### Supplied material
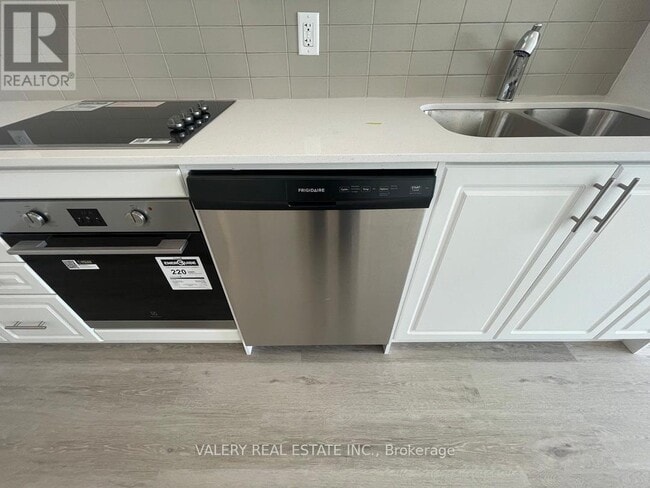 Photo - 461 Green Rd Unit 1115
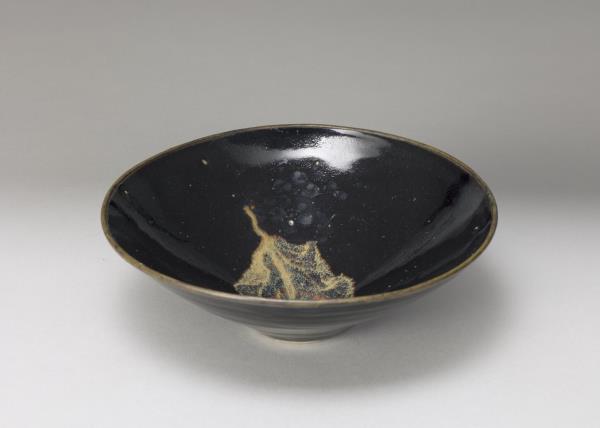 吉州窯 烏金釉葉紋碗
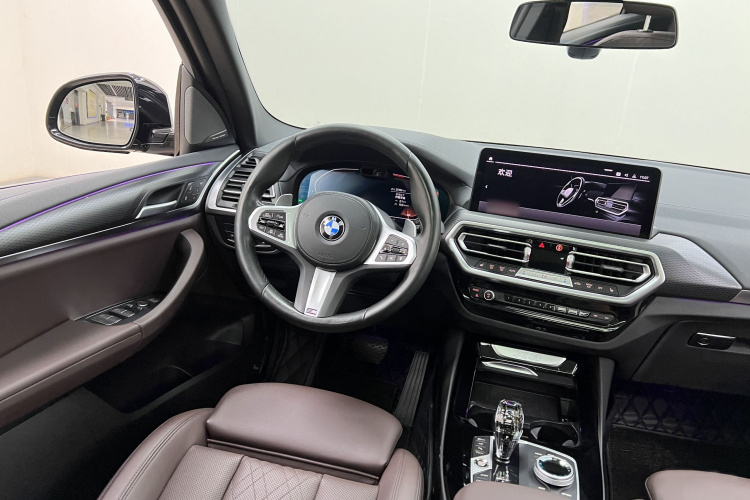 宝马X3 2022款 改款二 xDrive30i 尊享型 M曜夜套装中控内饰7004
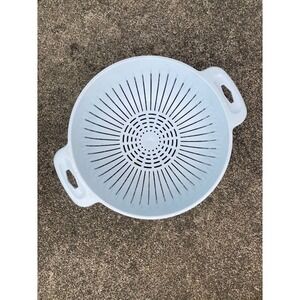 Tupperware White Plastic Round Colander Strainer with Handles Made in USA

### What you have to do
Everything in the listing above must be retyped exactly, except for the pictures.

### Answer below
 Photo - 461 Green Rd Unit 1115
 吉州窯 烏金釉葉紋碗
 宝马X3 2022款 改款二 xDrive30i 尊享型 M曜夜套装中控内饰7004
 Tupperware White Plastic Round Colander Strainer with Handles Made in USA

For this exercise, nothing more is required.